## [WORK TO COMPLETE]
Write the records out again exactly, but without pictures.

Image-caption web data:
┄┄┄┄┄┄┄┄┄┄┄┄┄┄┄┄┄┄┄┄

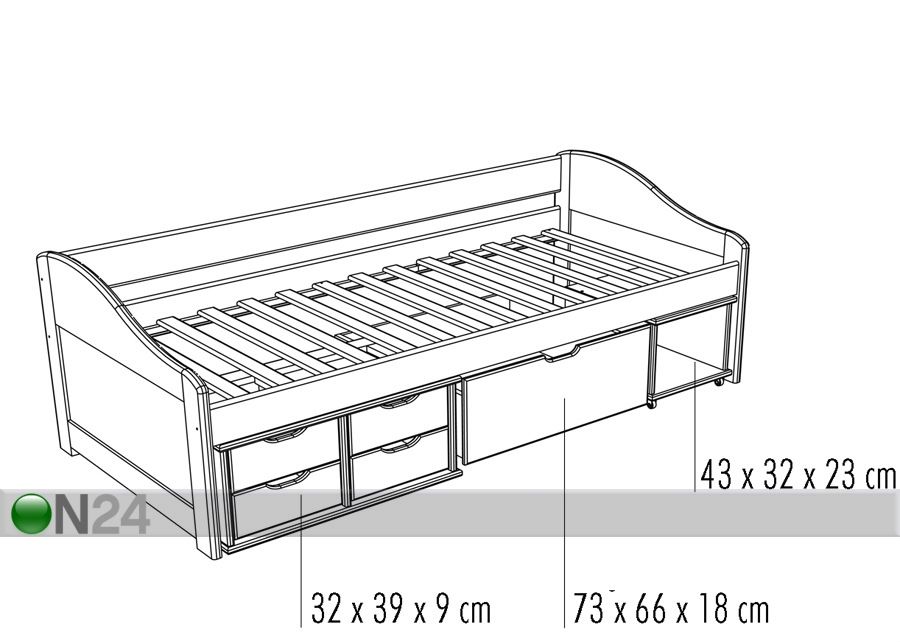Комплект кровати Floro 90x200 cm увеличить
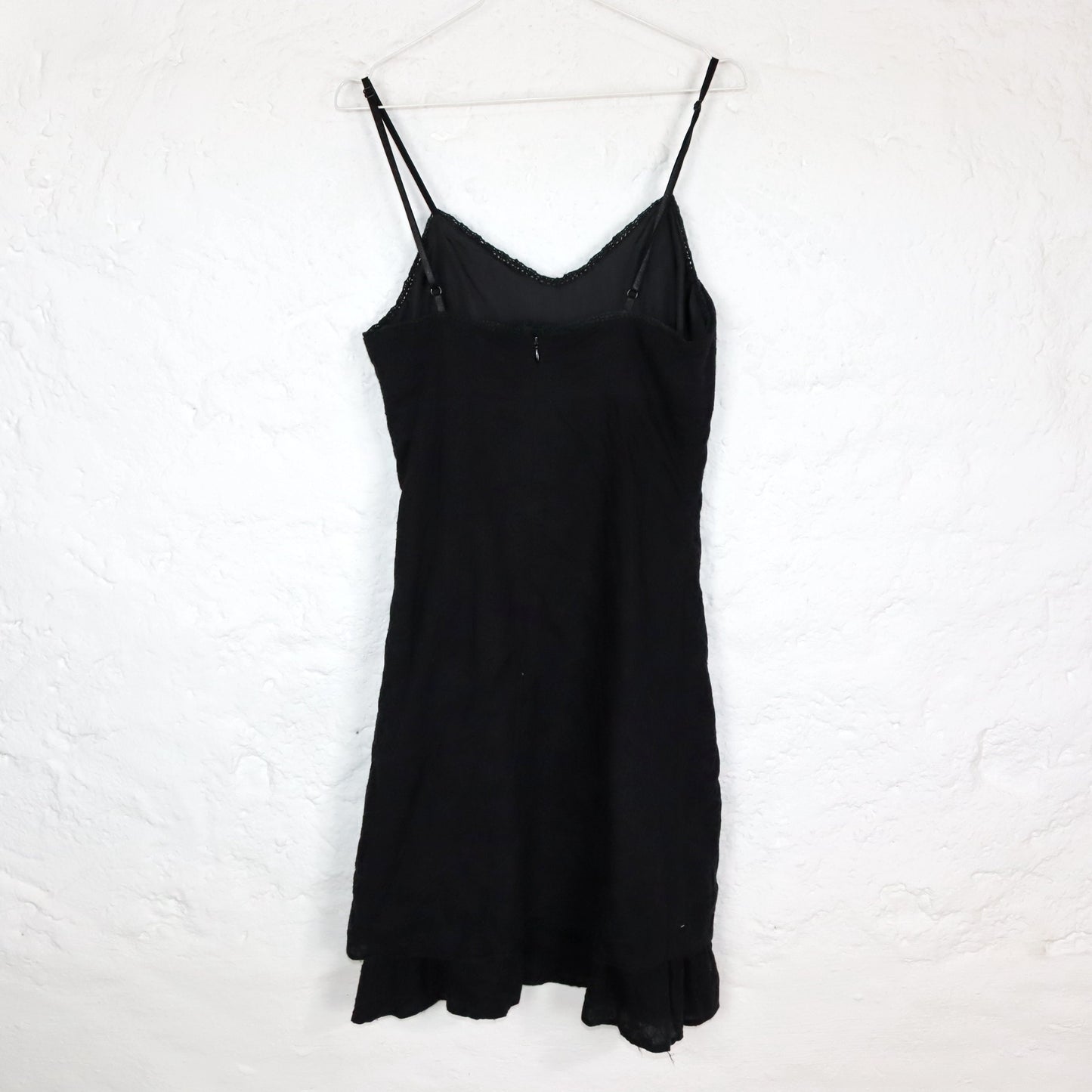 Vintage 90s 00s Y2k XANATA dress black embroidery lace 38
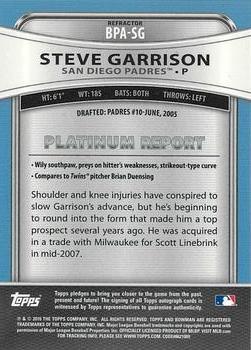 2010 Bowman Platinum - Prospect Autographs Refractors #BPA-SG Steve Garrison Back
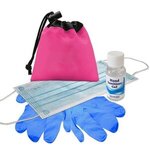 Drawstring Hand Sanitizer Pouch - Hot Pink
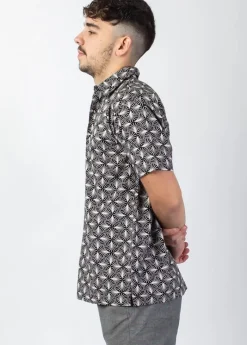 Outlet Coton Du Monde Chemise homme manches courtes LORENZO ethnique noir Papyrus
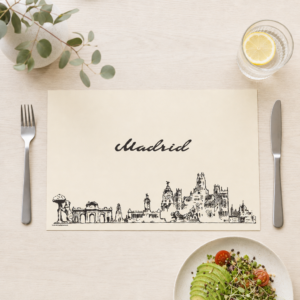 Madrid Skyline - Tischset Papier – Bild 1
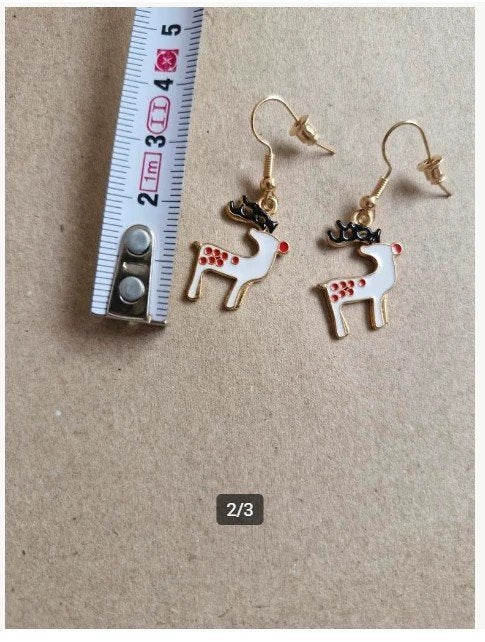 Oorbellen wit rendier met rode stippen h, Diversen, Onbekend, Nieuw, Ophalen of Verzenden, Losse verkoop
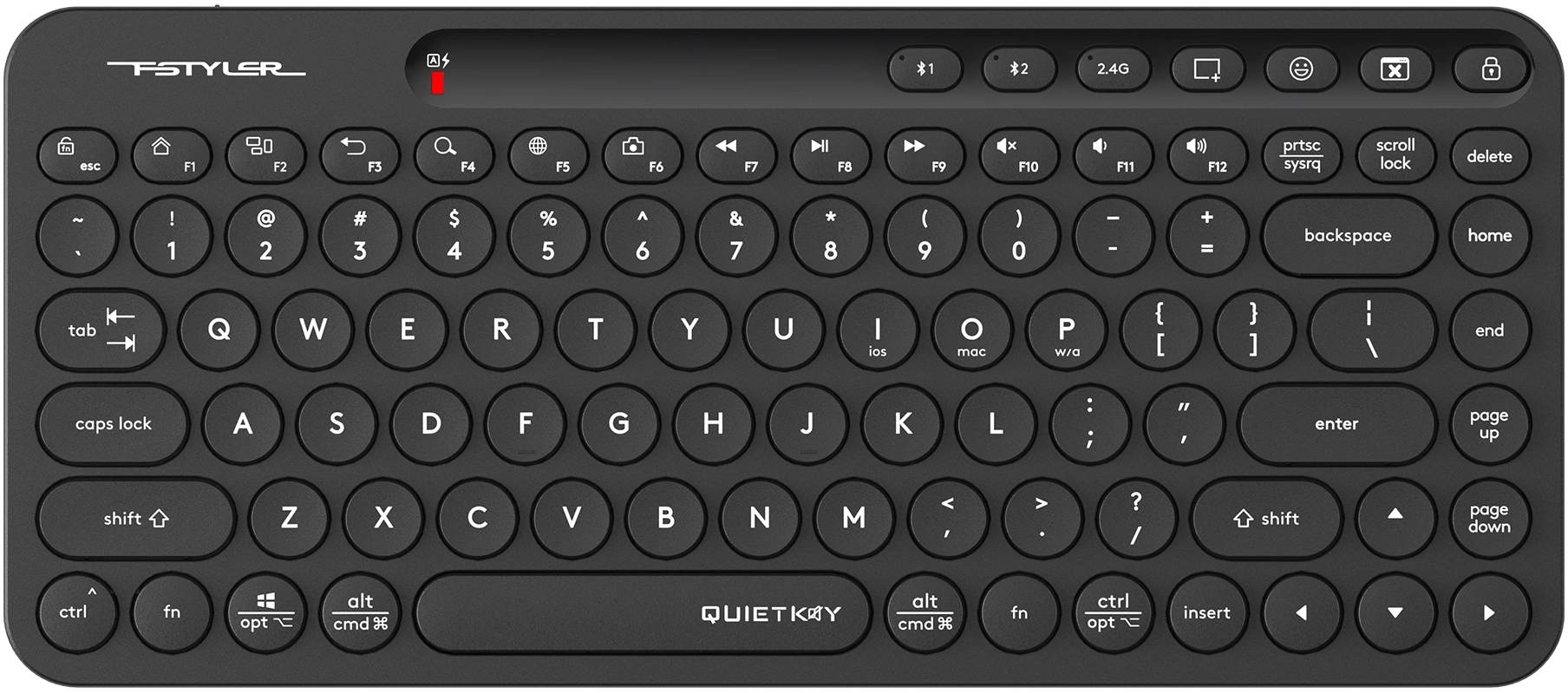 Клавиатура A4Tech Fstyler FBK36C AS черный USB беспроводная BT/Radio slim Multimedia (FBK36C AS)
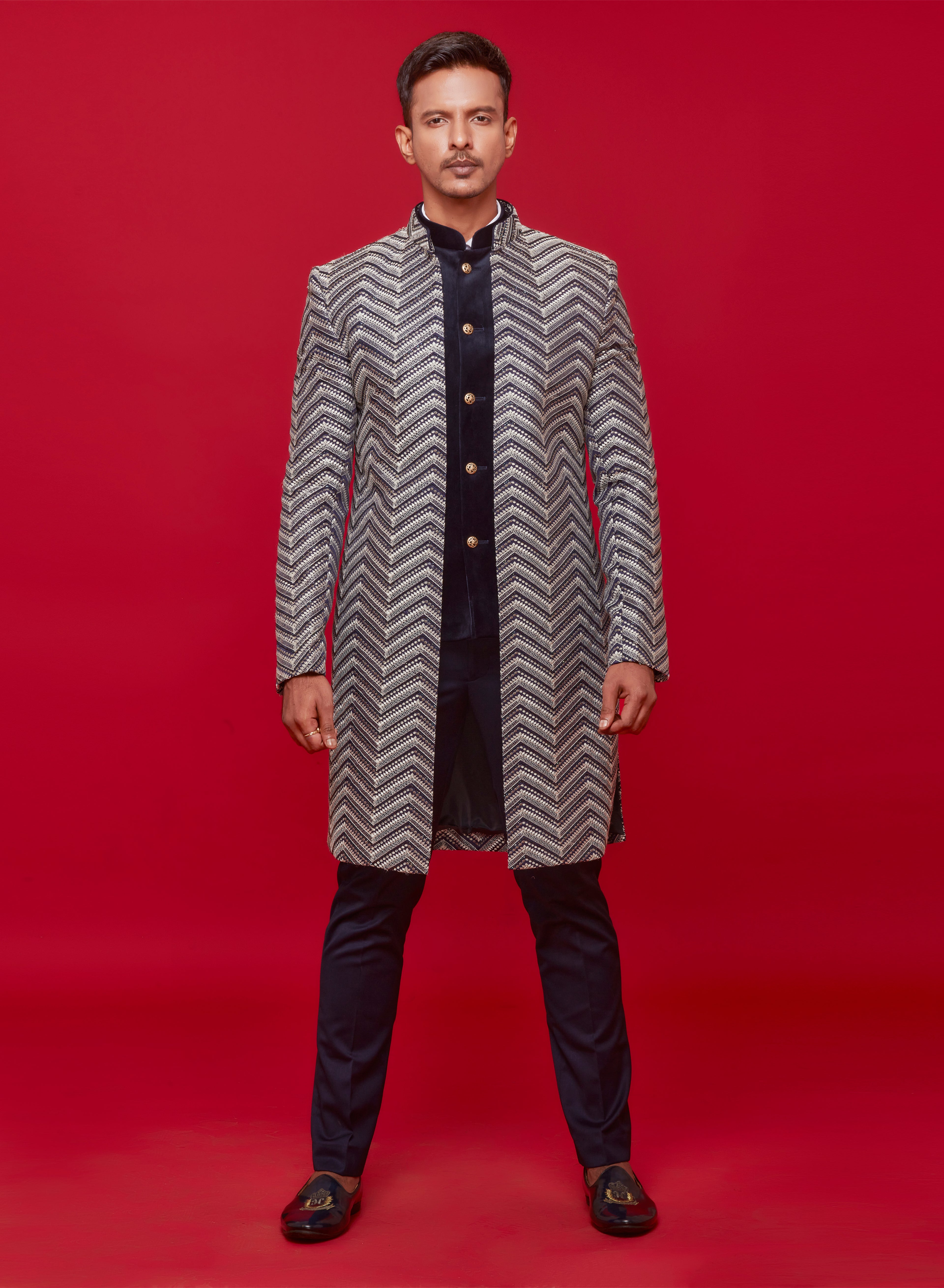 Navy Blue Herrigbone Indowestern Set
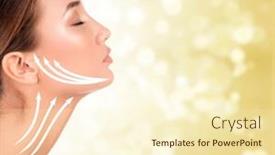  Presentation with golden woman - Presentation theme consisting of portrait-of-woman-with-perfect background and a cream colored foreground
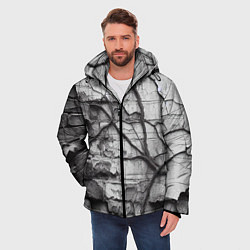 Куртка зимняя мужская Кирпичная стена с облупившейся штукатуркой и плющо, цвет: 3D-черный — фото 2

┄┄┄┄┄┄┄┄┄┄┄┄┄┄┄┄┄┄┄┄

## [TASK RESULT]
Комплект кровати Floro 90x200 cm увеличить
 Vintage 90s 00s Y2k XANATA dress black embroidery lace 38
 2010 Bowman Platinum - Prospect Autographs Refractors #BPA-SG Steve Garrison Back
 Drawstring Hand Sanitizer Pouch - Hot Pink
 Outlet Coton Du Monde Chemise homme manches courtes LORENZO ethnique noir Papyrus
 Madrid Skyline - Tischset Papier – Bild 1
 Oorbellen wit rendier met rode stippen h, Diversen, Onbekend, Nieuw, Ophalen of Verzenden, Losse verkoop
 Клавиатура A4Tech Fstyler FBK36C AS черный USB беспроводная BT/Radio slim Multimedia (FBK36C AS)
 Navy Blue Herrigbone Indowestern Set
  Presentation with golden woman - Presentation theme consisting of portrait-of-woman-with-perfect background and a cream colored foreground
 Куртка зимняя мужская Кирпичная стена с облупившейся штукатуркой и плющо, цвет: 3D-черный — фото 2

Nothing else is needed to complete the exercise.